Hey! Would you mind posting this question as a github issue? I am trying to keep all the discussion in one place 🙂

Hi Scott

Can you provide an explanation of the Tree SHAP algorithm where the time complexity is reduced.

Thanks

If you could highlight what is unclear about the description in the arXiv paper that would be helpful. You can also see a python implementation on github meant to make it easy to play with.

Hi Scott,

I got a question when I was reading your paper “Consistent Individualized Feature Attribution for Tree Ensembles”. I am trying to understand how the E[f(x)|x_s] is defined. In the text part, you define E[f(x)|x_s] by “the expected value of the function conditioned on a subset S of the input features”. Based on this sentence, I assume E[f(x)|x_s] is the prediction mean of the observations in the training sample that match the conditioning set S. If I understood it correctly, then how do you calculate E[f(x)|x_s] for an instance whose x_s has never appeared in the training data set?

Hey!

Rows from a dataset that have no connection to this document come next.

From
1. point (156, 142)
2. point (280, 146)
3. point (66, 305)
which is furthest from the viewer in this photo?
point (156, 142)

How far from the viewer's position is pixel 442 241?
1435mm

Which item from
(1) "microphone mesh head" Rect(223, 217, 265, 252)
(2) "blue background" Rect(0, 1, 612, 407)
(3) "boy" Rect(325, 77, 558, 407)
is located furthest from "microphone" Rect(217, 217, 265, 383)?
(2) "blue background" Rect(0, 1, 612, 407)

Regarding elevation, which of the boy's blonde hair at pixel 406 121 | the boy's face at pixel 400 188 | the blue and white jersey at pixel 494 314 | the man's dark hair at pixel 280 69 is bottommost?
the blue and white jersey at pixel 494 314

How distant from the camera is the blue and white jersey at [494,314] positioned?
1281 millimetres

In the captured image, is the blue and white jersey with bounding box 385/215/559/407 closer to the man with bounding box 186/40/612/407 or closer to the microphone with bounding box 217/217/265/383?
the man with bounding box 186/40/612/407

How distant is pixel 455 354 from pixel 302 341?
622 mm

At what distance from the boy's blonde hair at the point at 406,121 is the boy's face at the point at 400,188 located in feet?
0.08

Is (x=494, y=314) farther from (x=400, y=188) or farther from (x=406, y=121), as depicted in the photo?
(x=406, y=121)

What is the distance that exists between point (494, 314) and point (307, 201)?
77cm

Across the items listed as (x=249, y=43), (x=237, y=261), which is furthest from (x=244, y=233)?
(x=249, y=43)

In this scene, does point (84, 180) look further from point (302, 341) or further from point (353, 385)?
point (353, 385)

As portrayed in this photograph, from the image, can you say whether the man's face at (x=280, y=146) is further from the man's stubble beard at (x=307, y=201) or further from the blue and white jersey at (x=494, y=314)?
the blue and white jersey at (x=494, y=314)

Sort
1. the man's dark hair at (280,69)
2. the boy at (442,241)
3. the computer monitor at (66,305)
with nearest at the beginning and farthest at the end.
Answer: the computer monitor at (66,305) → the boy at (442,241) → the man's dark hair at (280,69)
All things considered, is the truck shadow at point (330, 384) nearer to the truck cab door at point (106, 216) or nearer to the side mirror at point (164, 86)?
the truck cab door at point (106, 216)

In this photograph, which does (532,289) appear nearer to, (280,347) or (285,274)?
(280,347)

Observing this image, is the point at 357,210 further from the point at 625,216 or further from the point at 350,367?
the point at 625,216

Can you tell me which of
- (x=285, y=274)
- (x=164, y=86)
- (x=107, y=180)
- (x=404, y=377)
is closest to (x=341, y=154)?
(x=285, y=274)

Could you post this as a github issue? That’s where I have been keeping all the discussions on SHAP. Thanks.

Hey Scott,

I have some question regarding SHAP and its calculation. Specifically, is there any way I can calculate the feature contribution for each individual observation’s prediction? For example, which feature makes some sample’s prediction very high or very low, etc.

If you could send me an email, I could send more details. Appreciate your response.

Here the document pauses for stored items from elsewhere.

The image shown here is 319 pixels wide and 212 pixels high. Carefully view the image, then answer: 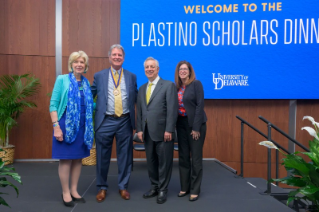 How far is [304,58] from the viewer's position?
4660 millimetres

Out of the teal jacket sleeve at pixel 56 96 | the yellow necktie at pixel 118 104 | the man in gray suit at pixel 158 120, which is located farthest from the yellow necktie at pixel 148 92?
the teal jacket sleeve at pixel 56 96

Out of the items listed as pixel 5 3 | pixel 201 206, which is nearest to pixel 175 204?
pixel 201 206

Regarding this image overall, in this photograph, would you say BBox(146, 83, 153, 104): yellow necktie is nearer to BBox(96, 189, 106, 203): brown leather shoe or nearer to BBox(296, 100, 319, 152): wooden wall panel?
BBox(96, 189, 106, 203): brown leather shoe

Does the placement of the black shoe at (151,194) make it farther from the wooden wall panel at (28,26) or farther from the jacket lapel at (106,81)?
the wooden wall panel at (28,26)

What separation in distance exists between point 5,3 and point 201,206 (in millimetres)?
4586

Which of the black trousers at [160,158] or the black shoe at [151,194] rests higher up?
the black trousers at [160,158]

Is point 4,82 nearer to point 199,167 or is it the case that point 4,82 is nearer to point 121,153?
point 121,153

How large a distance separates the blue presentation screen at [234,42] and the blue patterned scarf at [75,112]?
6.75 feet

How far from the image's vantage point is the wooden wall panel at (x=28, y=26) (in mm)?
4863

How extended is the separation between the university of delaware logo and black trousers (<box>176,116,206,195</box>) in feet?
6.45

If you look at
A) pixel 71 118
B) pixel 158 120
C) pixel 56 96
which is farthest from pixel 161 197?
pixel 56 96

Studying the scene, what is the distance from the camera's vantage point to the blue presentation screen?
15.2ft

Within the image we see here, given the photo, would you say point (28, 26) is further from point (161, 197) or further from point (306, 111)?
point (306, 111)

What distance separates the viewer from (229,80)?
4.71 metres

Hey! Could you post this as a github issue and reference one of the examples there?

Hi Scott,

I have a question about your Corollary 1 (Linear SHAP) on page 6 of your paper “A Unified Approach to Interpreting Model Predictions.” Is the formula phi(i) correct? is phi(i) the SHAP value for an individual observation in that case? if it is, shouldn’t the notation be: phi(i) (f, x) = w(j) (x(i) – E[x(j)])? or was phi(i) really phi(j), that is, the SHAP value for feature j? then in that case the notation is phi(j) (f,x) = w(j) (x(j) – E [x(j)]) with each element of the formula being a vector, not an individual observation?

Thank you,

Ariadna Martínez

Missed this comment when you first sent it. Yes, thanks! That is a mistake which I have now noted in an errata doc linked to from my paper list.

Hi Scott,

I am handling a data with 5000 features and the shap values are all zeros. With 1000 features I get nice results.

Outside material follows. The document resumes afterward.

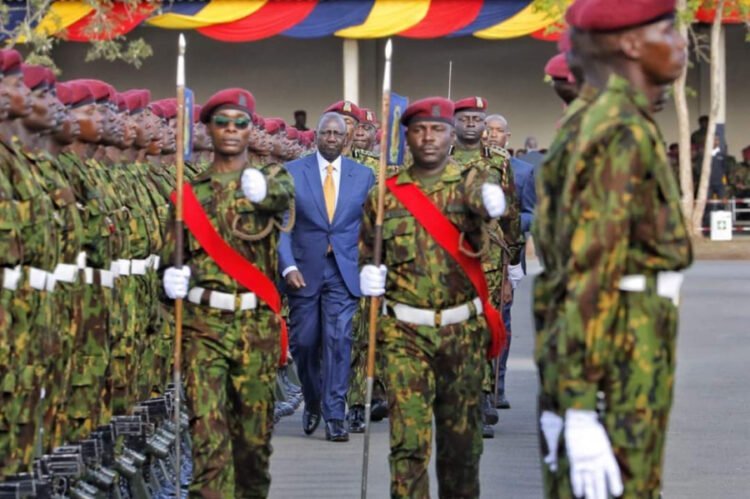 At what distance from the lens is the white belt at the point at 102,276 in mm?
10508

Do you know why it happens? I am using Kernel SHAP.

Thanks,

Liat

Missed this on my WP comment section, my best guess that the L1 penalty is not set correctly. By default it uses BIC, but with 5k features it might just be getting turned up too high. I would try setting it manually and/or increasing the number of samples.

Hello Scott,

I have been wondering , is there any way to use SHAP’s DeepExplainer without Keras API.

Since, I built a custom auto-encoder architecture with TensorFlow, only types that I can provide are either the or .

In summary, I cannot provide the expected “model” type.

Is it too early to expect workarounds for alternative approaches? :))

Just getting to some page comments I found (late) here on WP. The short answer is yes, yes pass a pair of TF tensors, the first being the input and the second being the output. If you have more questions post a github issue.

Hi Scott,

I am a BME student in Case Western Reserve University, and I am trying to do a journal review on your latest work, “Explainable machine-learning predictions for the prevention of hypoxaemia during surgery,” in one of my health informatics class, but the access for the publication is still not allowed. I am wondering if I could gain access to the pdf file for this article. It would be greatly appreciated (and also on the behalf of my peers) if I could receive the published pdf version of this work from you! Thanks..

-Keewon

Hi Keewon! These page comments got buried somewhere, so I apologize for the slow reply. In case you still need it I posted a shareit link on my homepage that gives free access to the article.